With your amazing help, I was able to finally finish my first build of my 3D printer (single frame Prusa i3). But still, I have some troubles with the heated bed leveling... The situation is as follows:
When I was assembling the Z axis, I notice that it's not perfectly parallel. It's not so bad, it's moving pretty nice (I don't have any tools - only some rulers). The problem is not in this, nor in the fact that my Z axis motors are not on one height from the bottom of the frame. Also, my Z axis screws (M5) and nuts are not absolutely leveled (the differences are in sub millimeter sector - 0.2-0.5mm which is not so bad for the printer's work but this is the best result possible for me - with my caliper). My issues are in this, that I don't really have some reference to level my bed. My hot end have some plastic left from the extruder tests and I don't really know how to remove it to make flat surface for leveling the bed.

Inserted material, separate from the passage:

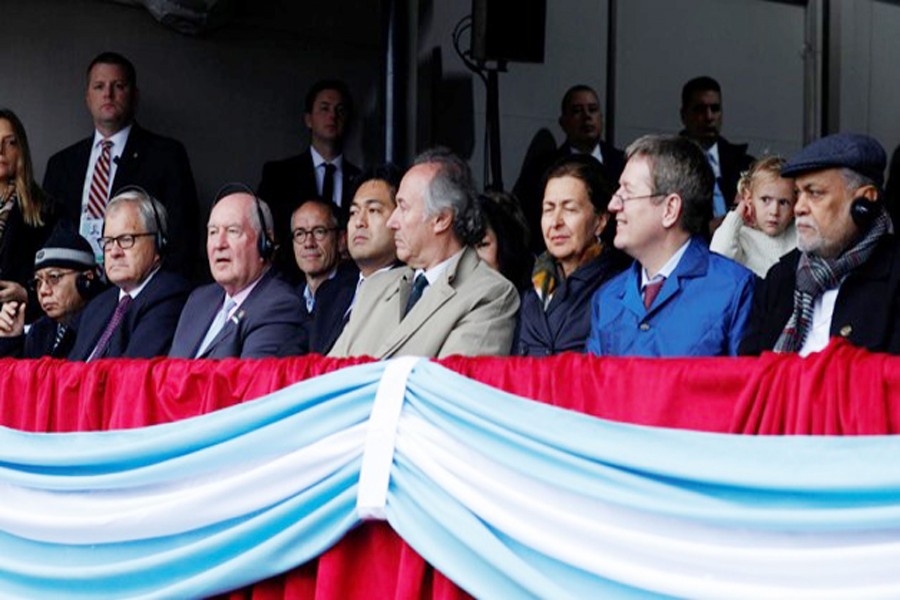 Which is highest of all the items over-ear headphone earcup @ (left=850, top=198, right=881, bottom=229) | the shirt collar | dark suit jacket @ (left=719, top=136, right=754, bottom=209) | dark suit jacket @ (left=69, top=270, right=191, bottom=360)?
dark suit jacket @ (left=719, top=136, right=754, bottom=209)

I made the "paper sheet test" a couple of times but with not so good results. For now, because I build my hot end's mount myself, I don't want to reassemble it to put a servo for auto bed leveling. And I'm really tired from tries, and tries, and tries...
My setup is with a heated bed, 4 springs, bolts and nuts and of course - a glass plate on top of it. I will be glad for some advice... Actually is it possible to print on the glass without the Kapton tape? I will add some tape but I'm only curious...
Best regards!
Re: Bed leveling issues
May 29, 2014 06:27PM
Heat your hot end to melt the filament left on it, put a piece of paper under the hot end then home it (hopefully you've set the bottom at the point where the paper will drag). Pull the paper from under the nozzle and it will drag off any plastic adhering to it and leave you with a nice flat surface to level your bed with.

It is possible to print on the glass surface without kapton, but you may have adherence problems and it is more difficult to clean. A lot of people ditch the kapton in favor of blue masking / painter's tape. Your prints will stick to the bed better and cleaning the glass is simply a matter of peeling off the used tape.

If you are going to use an acetone / abs slurry for getting your abs prints to adhere, or dilute pva glue for pla prints, putting a layer of kapton down first is a good idea to make the bead easier to clean.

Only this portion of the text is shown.